MATERIAL FOR THIS EXERCISE START

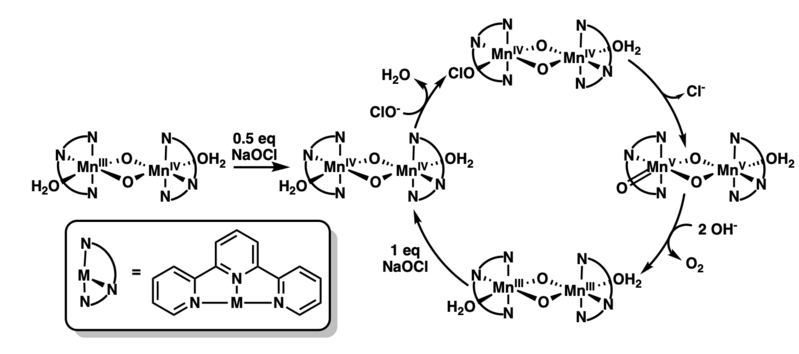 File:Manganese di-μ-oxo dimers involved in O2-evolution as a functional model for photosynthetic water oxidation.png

MATERIAL FOR THIS EXERCISE END
MATERIAL FOR THIS EXERCISE START

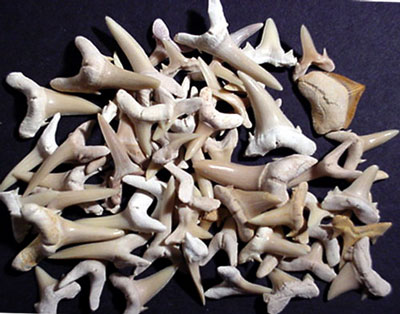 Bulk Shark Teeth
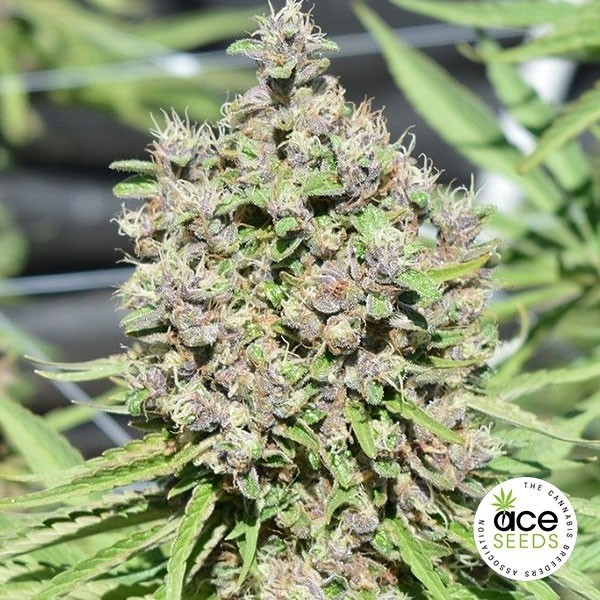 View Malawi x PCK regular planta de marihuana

MATERIAL FOR THIS EXERCISE END
MATERIAL FOR THIS EXERCISE START

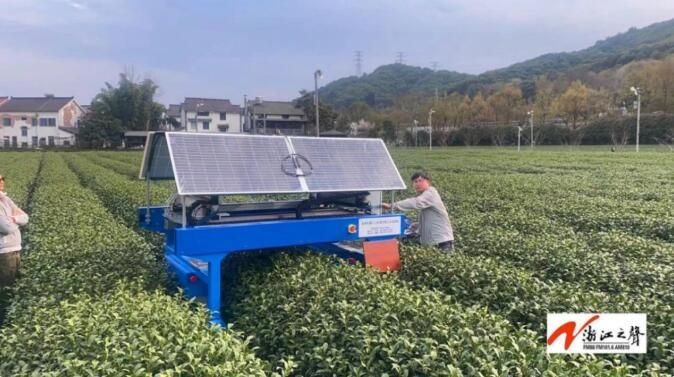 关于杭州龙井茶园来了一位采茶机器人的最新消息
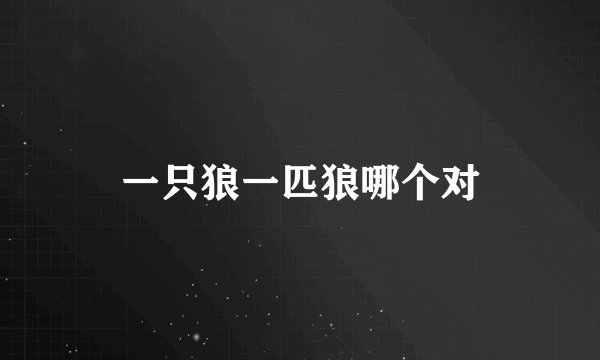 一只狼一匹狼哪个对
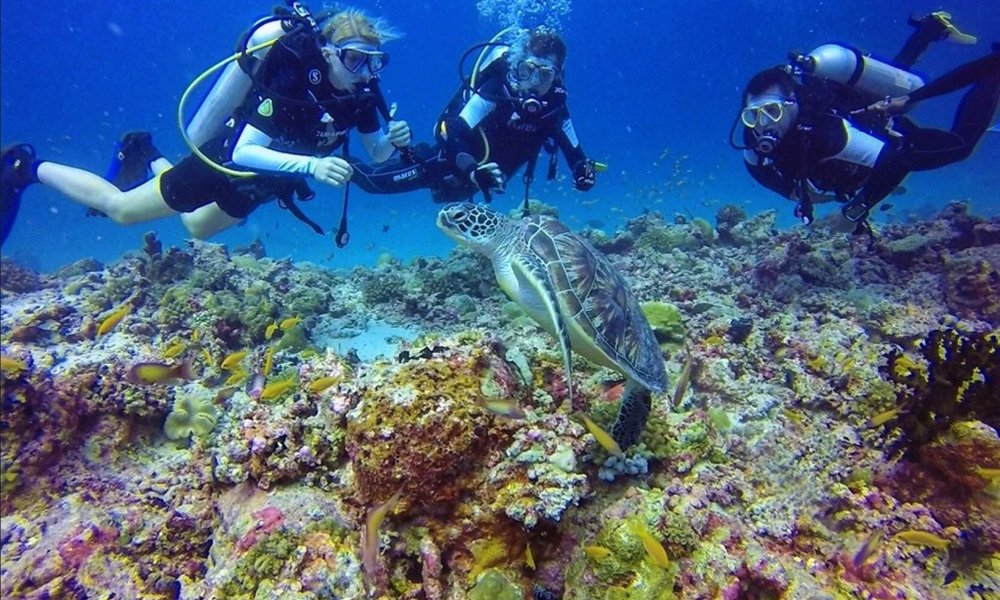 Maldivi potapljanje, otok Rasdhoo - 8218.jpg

MATERIAL FOR THIS EXERCISE END

WORK TASK >>
With the pictures omitted, copy exactly the lines of the listing above starting at the line containing "Bulk Shark Teeth" and ending at the line containing "View Malawi x", both included.

PROBLEM SOLUTION >>
 Bulk Shark Teeth
 View Malawi x PCK regular planta de marihuana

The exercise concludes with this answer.